:: What to produce ::
Your task is to transcribe the data exactly while omitting each picture.

:: Provided data ::

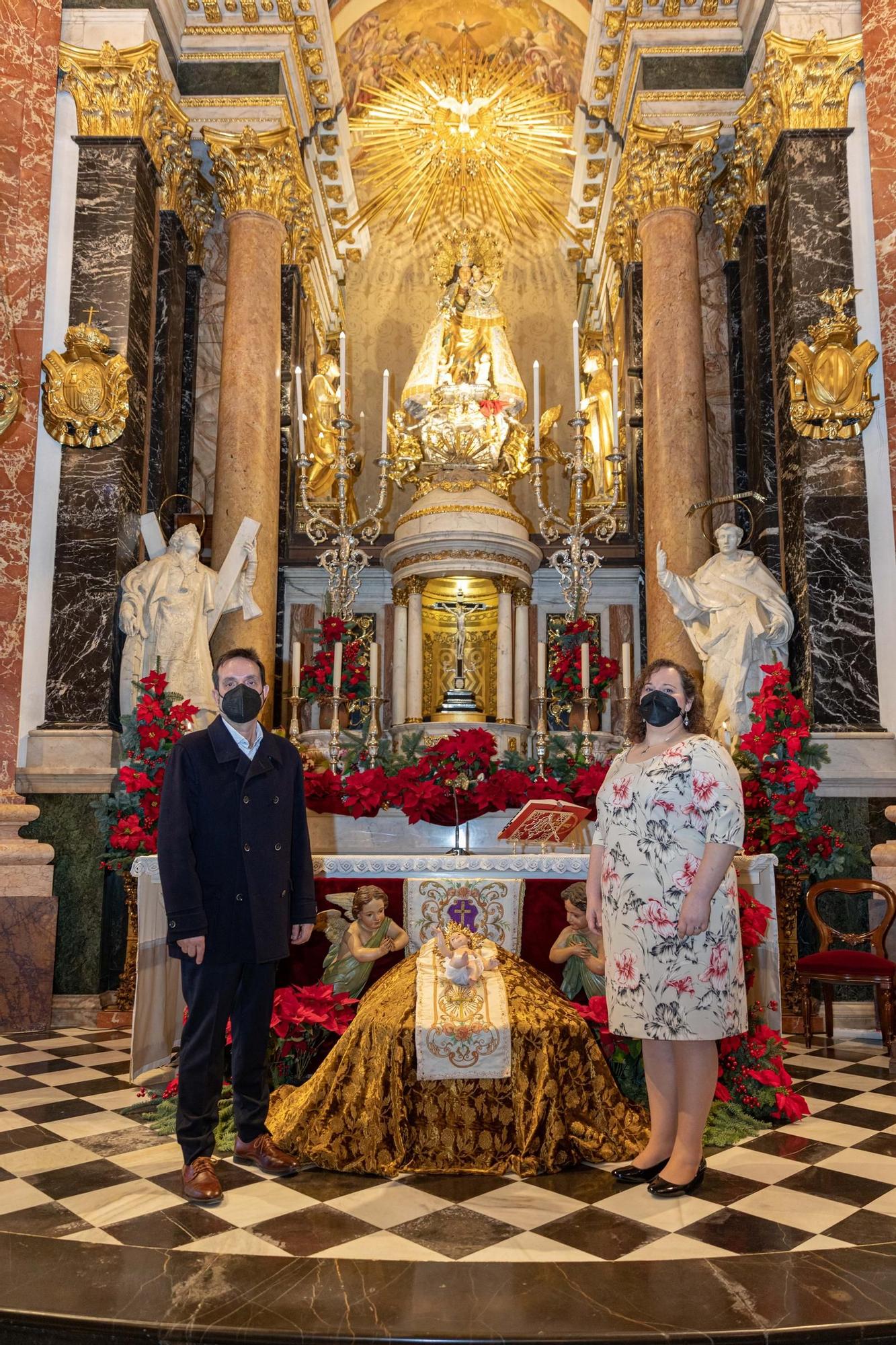 Ofrenda de las Fallas de Primera A a la Virgen de los Desamparados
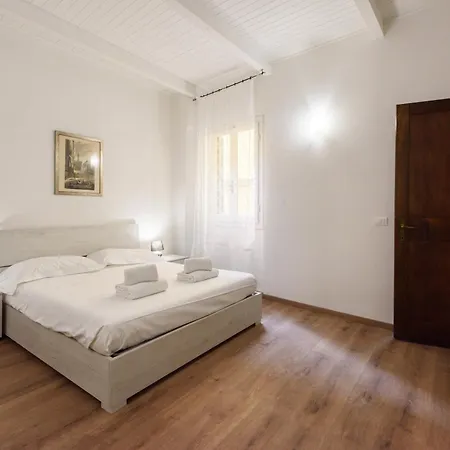 Apartament Uffizi 3 Bedrooms By Mmega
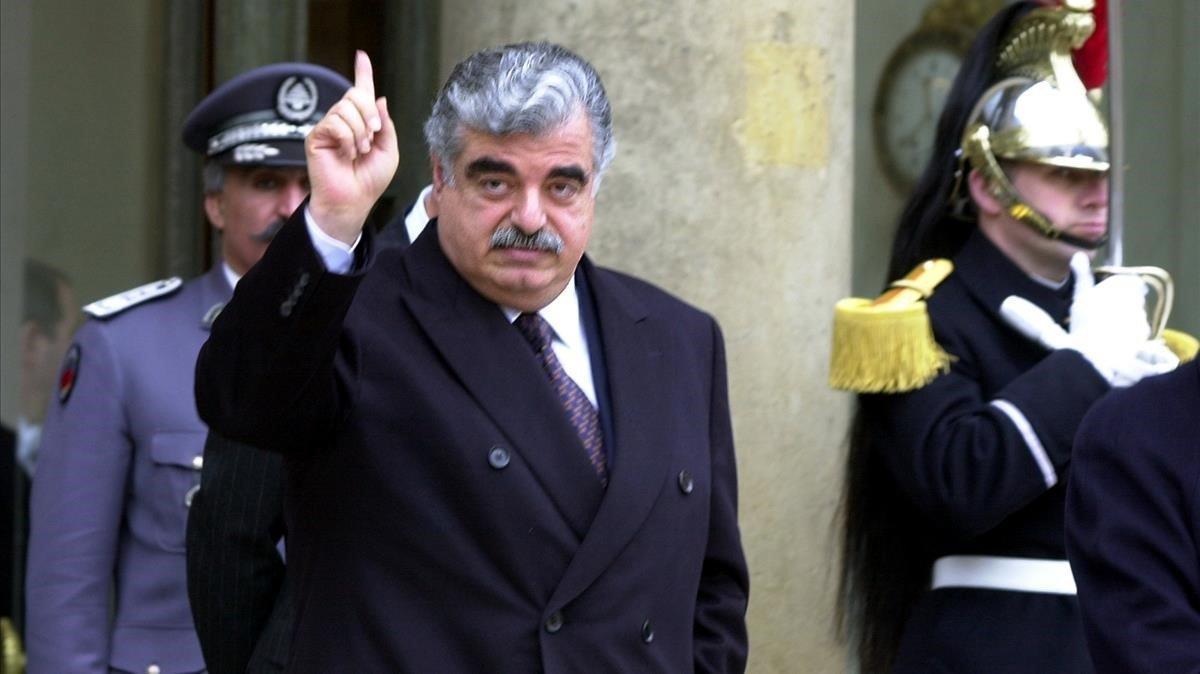 zentauroepp54526743 file photo  lebanese prime minister rafik hariri leaves the 200818112100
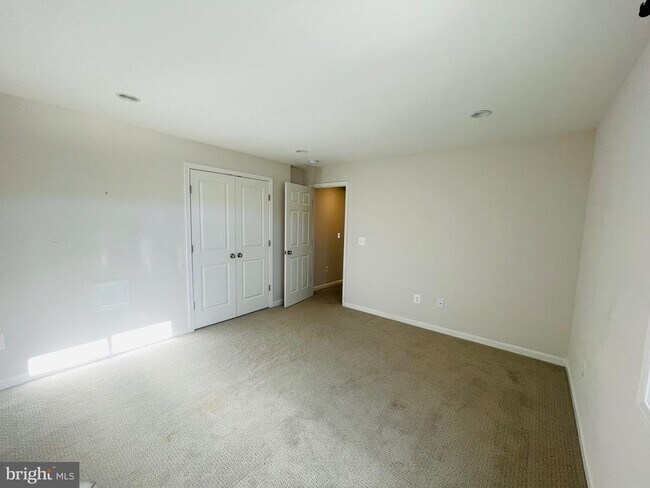 Building Photo - 508 Sourwood Ct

:::

:: Finished exercise ::
 Ofrenda de las Fallas de Primera A a la Virgen de los Desamparados
 Apartament Uffizi 3 Bedrooms By Mmega
 zentauroepp54526743 file photo  lebanese prime minister rafik hariri leaves the 200818112100
 Building Photo - 508 Sourwood Ct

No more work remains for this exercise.